**ASSIGNMENT:**
Reproduce the section of the listing that begins at the line containing "Elegia thyrsoidea" and finishes at the line containing "Вълнисти папагали с". Include both end lines and nothing beyond them.

**WORKING DATA:**
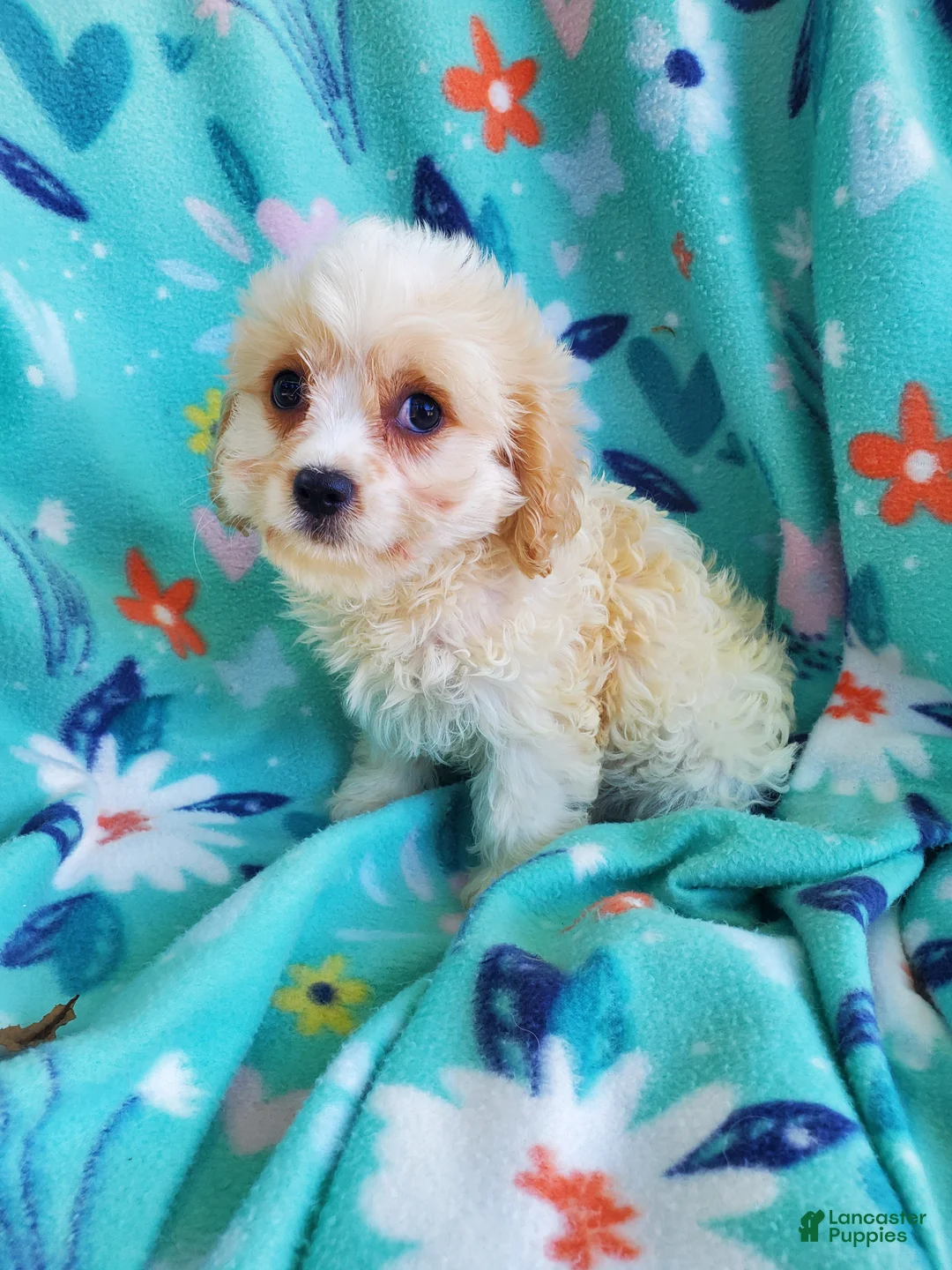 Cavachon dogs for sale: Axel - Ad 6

==

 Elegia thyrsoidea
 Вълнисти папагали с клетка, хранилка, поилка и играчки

--

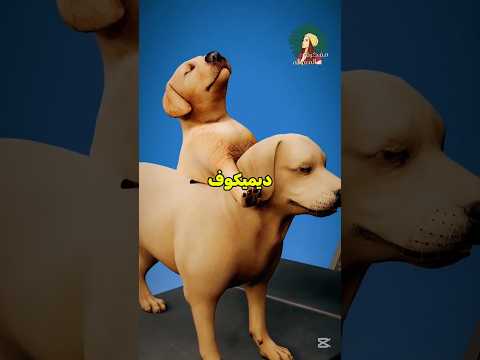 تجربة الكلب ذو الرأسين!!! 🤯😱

**OUTPUT FOR THIS EXERCISE:**
 Elegia thyrsoidea
 Вълнисти папагали с клетка, хранилка, поилка и играчки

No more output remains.